# Paris in November



## pgnewarkboy (Aug 31, 2009)

Is November a good time of year to visit and explore Paris?  Interested in weather conditions and city life.  Are the museums open, is the city life busy and jumping?  Thanks.


----------



## Dottie (Aug 31, 2009)

I lived in Paris for 2 years about 30 years ago, so can only report on that time frame.  I loved Paris in Nov.  Weather was generally dry and warmish.  Still lots of flowers out.  Seems to me everything was open. It could be not so nice by the end of November.  Try early.


----------



## bass (Sep 3, 2009)

I've been in November.  It's fine.   Some of the outdoor cafes are open.   The department stores are getting ready for Christmas.  We saw some of the choirs rehearsals in Notre Dame.  Actually, I can't of one bad month in Paris.  Hope this helps.   Have a great time.

Nancy


----------



## dmharris (Sep 3, 2009)

In 2006 we were there over Thanksgiving.  We needed trench coat weight outer garments.  It was more gray than sunny and a bit of rain.  But Paris glows through the weather.  There are no lines anywhere so that is a huge benefit.  Rental fees for hotels were cheaper.  Celebrating an American holiday in a foreign country is interesting!

Hope that helps.


----------



## Rene McDaniel (Sep 27, 2009)

I went to Paris for a week at Thanksgiving several years ago with 2 of my gal pals and we had a fantastic trip!  Everything was open museum-wise, but with no lines.  It was great.  It was starting to get chilly, but it was only noticebly bad in the evenings/late at night when we were returning to our hotel.  We ran into some rain here & there, but it was never really a problem because we were more indoors than out.

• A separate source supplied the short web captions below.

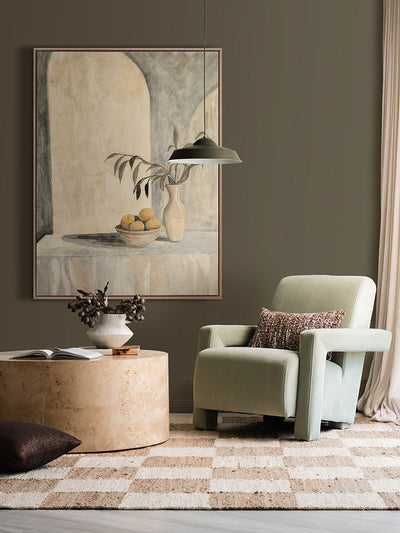 The Tuscan Villa still life art print styled with soft lighting, neutral armchair, circular side table and checkered rug.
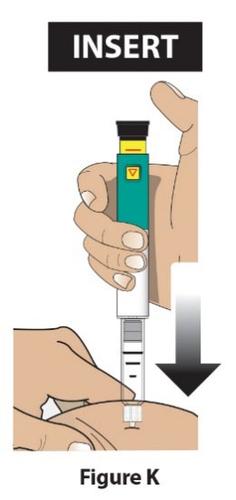 Mano che tiene un autoiniettore verde e bianco con una finestra di controllo gialla mentre preme verso il braccio con un ago inserito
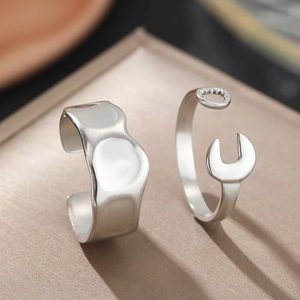 Macro shot of silver wrench and lava texture stainless steel rings on display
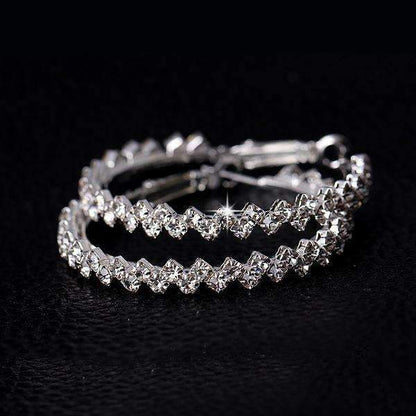 Elegant diamond hoop earrings with a zig-zag pattern, crafted from Austrian crystal and zinc alloy, available in two sizes.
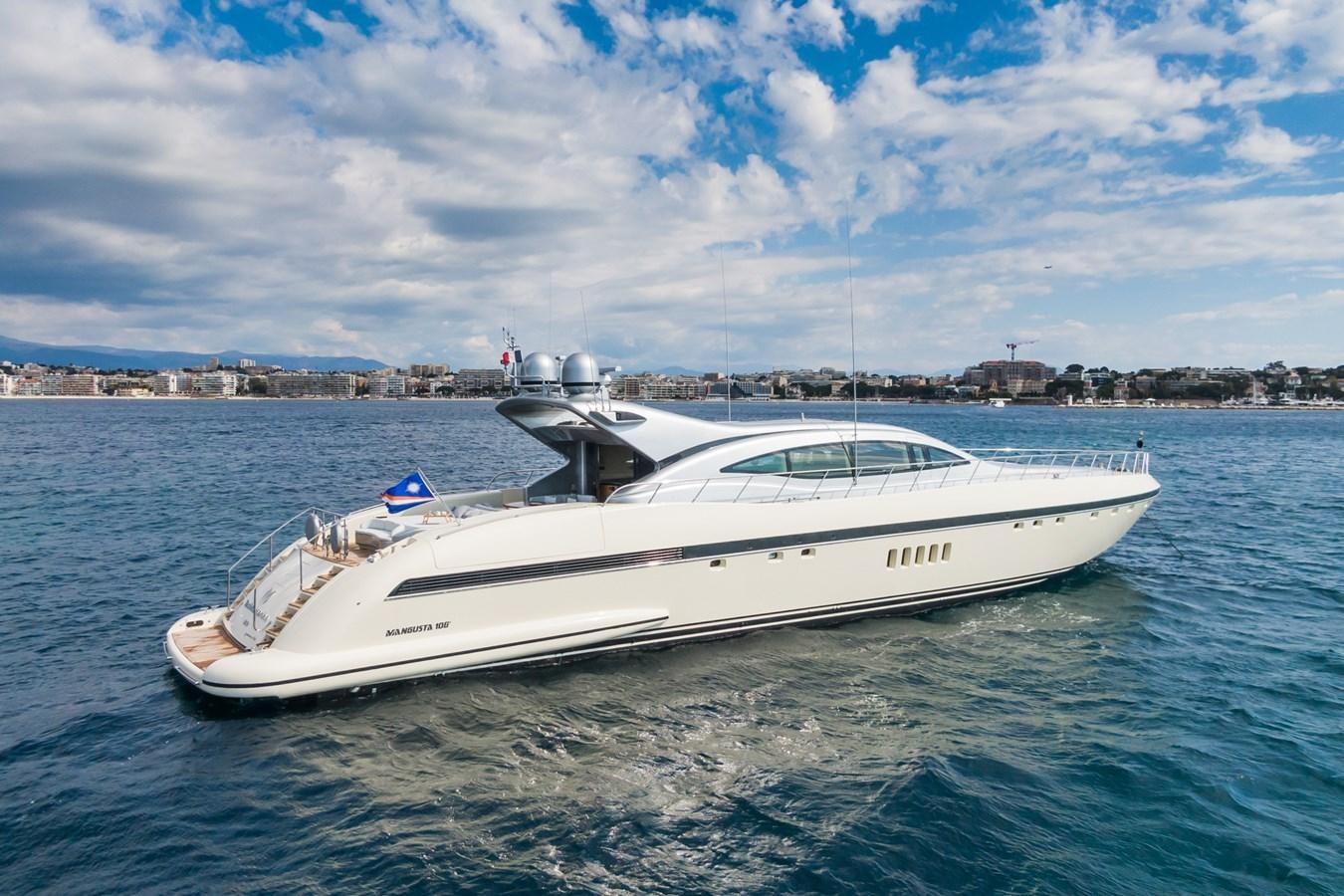 a white boat in the water aboard MANGUSTA MAXI OPEN 108#23 - TECHNOMARINE - CAREFULLY USED Yacht for Sale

Some of my fondest memories of that trip were:

-- restaurants were more fun in the evening, because everything was moved indoors (no outside dining at end of November), and we felt MORE a part of things.

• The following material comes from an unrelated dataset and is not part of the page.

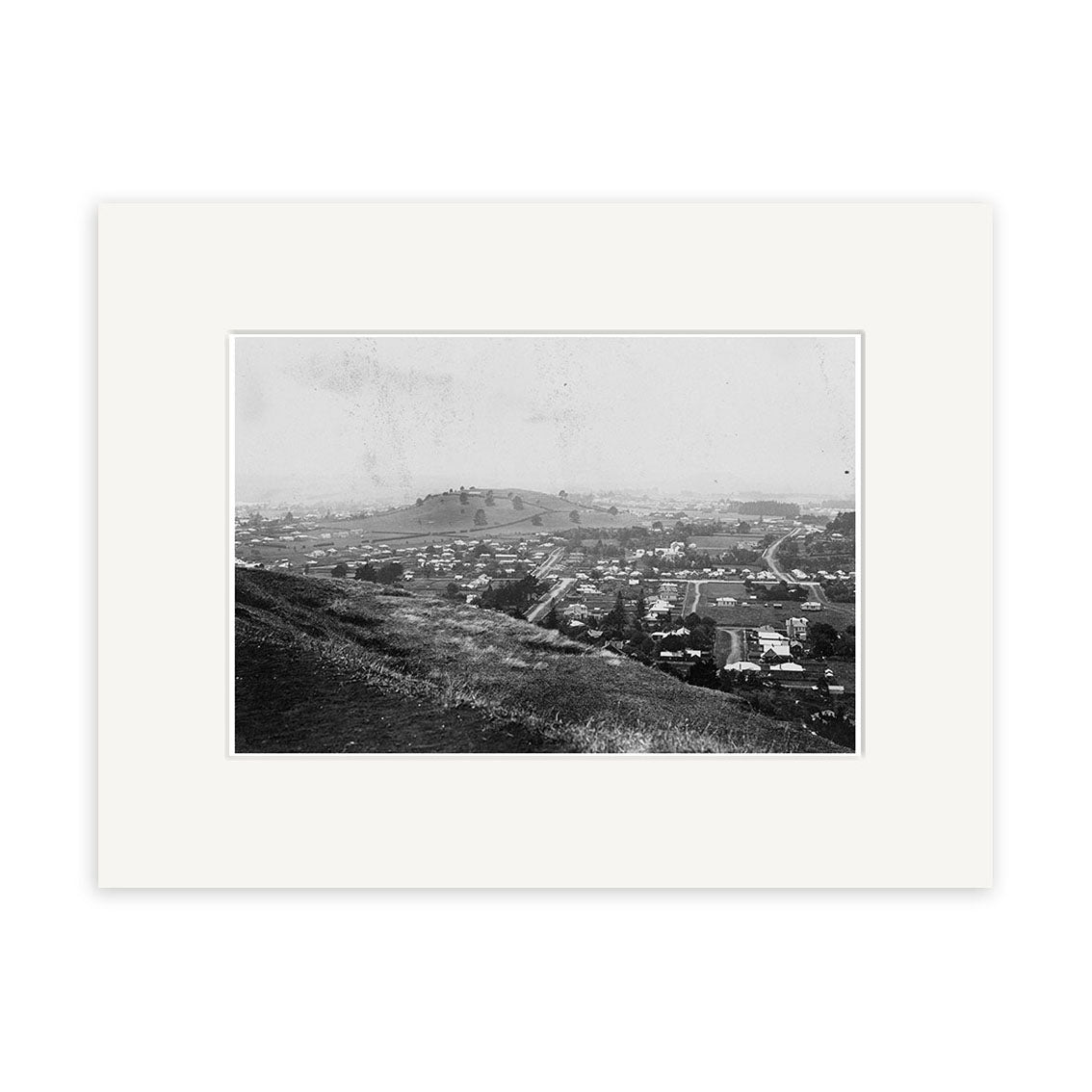 Archival quality black and white photo Epsom 1907 No.2 - HI159 shows a New Zealand town with houses and streets viewed from a hillside, larger hill and open land in the background, matted with a white border.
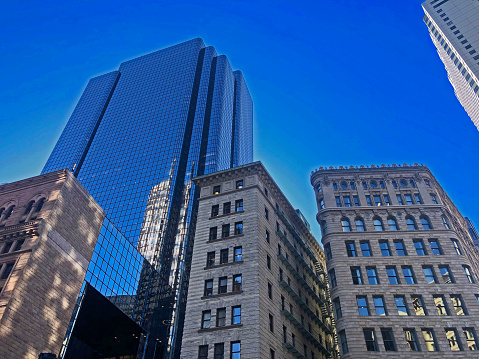 Skyline of downtown Boston.  Brookline Bank building and 53 State Street Building on the corner of State and Congress in Boston, Massachusetts.   On the Freedom Trail.  Blue skies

-- Lots of vendors out on the streets of Paris at night selling roasted chestnuts (they smell better than they taste), and large warm crepes made-to-order with your choice of yummy fillings (heaven-on-earth).

--the big celebration with lots of banners & wine drinking throughout Paris each November for the arrival of the new Beaujolais:

_"Le Beaujolais Nouveau Est Arrivé"_  You can read more about it at the Paris tourist website: http://www.paris.org/Curiosites/Beaujolais/

-- arts & culture/nightlife are even BETTER than during the summer, lots of ballet, opera, live jazz, live music, special exhibits, etc.

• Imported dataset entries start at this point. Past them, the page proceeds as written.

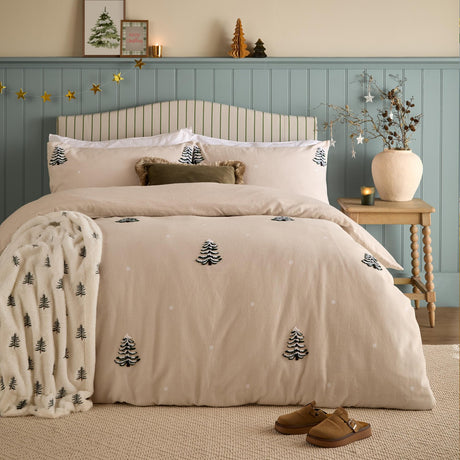 Pine Tree Cotton Woodland Duvet Cover Set in natural, styled on a bed with tufted pine tree motifs and pale dot detailing, shown in a bedroom with matching pillowcases and a coordinating throw.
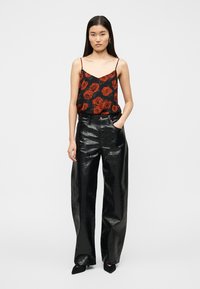 Μαύρο crop top με κόκκινο μοτίβο τριαντάφυλλου, συνδυασμένο με μαύρο, γυαλιστερό, ψεύτικο δερμάτινο παντελόνι με φαρδιές παντελόνια και ψηλή μέση. Το μοντέλο στέκεται με τα χέρια στις τσέπες.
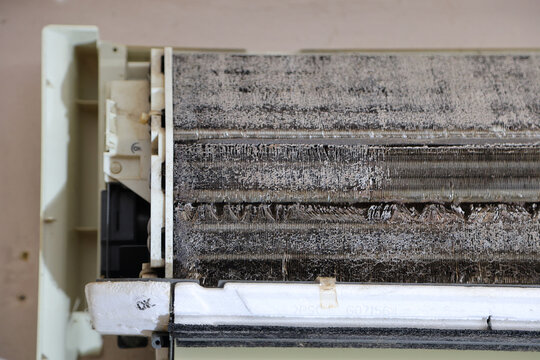 Dirty Air Conditioner Evaporator Coil Covered With Dust and Mold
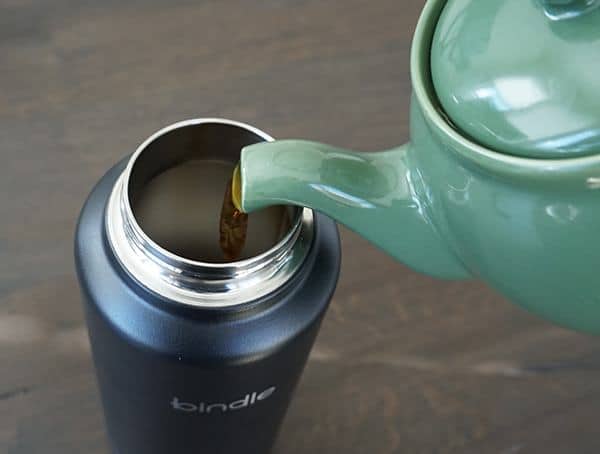 Pouring Strawberry Tea Into Top Of Stainelsss Steel Bindle Bottle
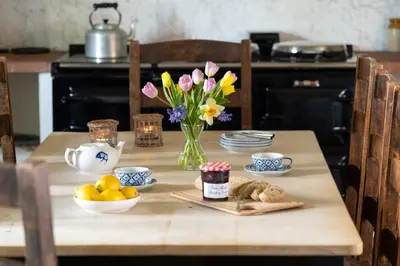 a table with a vase of flowers and a vase of fruit at Bank Barn, Wreay in Penrith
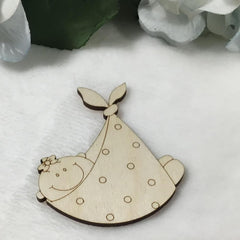 Wooden cutout of a baby in a crib with a white blanket on a light background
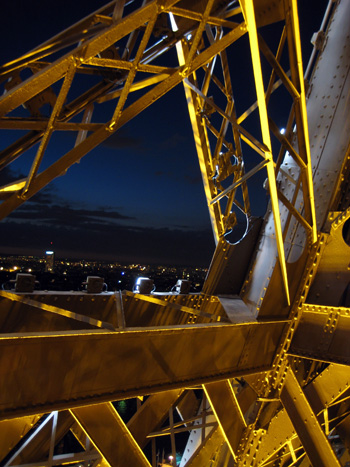 climbing down from the eiffel tower, peeking through its frame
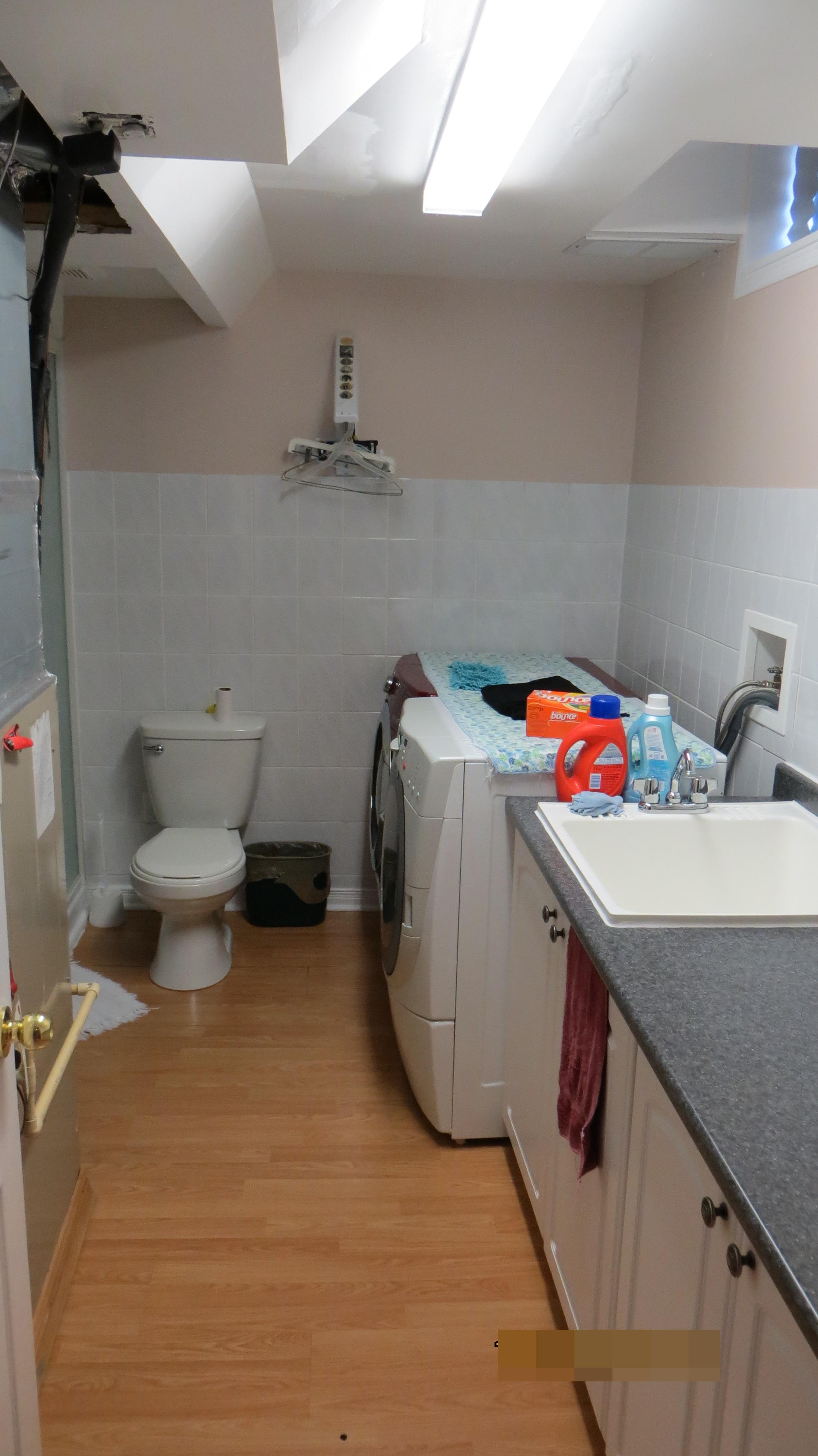 Toilet and laundry over laminate flooring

-- the big department stores are open in the evenings and you can get some Christmas shopping done, after a day of museums & sightseeing.

All in all, my experience was that I have felt much more a part of Paris travelling there in the off-season, than I ever have when travelling during the summer tourist season.  Plus, there is a HUGE savings on airfare & hotels.

-- Rene McDaniel


----------



## winger (Feb 13, 2010)

Just came back this past thanksgiving (2009) for 8 nights. GREAT trip!  The largest crowd we hit the entire week was the 5 minute line to HIKE up the Eiffel Tower.  Wait, the takeout line was maybe just a tad longer that one night we went to Laduree on Ave. Champs Elysses for pastries ; )

It got a bit chilly but I did not even bring one of my three sweaters out of the suitcase, although I did make daily use of my ski hat (first time wearing one since I was like in grammar school, LOL).

It was generally overcast most days except for two, it only seem to rain at night, but the drizzles came and went on a few days. the wind did like to visit more often anytime.

We made good use of the 4-day musuem pass, visiting Versailles on the first and last days.


----------



## Dottie (Feb 13, 2010)

Glad you reported your great trip to Paris.  Weather everywhere does seem a bit strange this year.


----------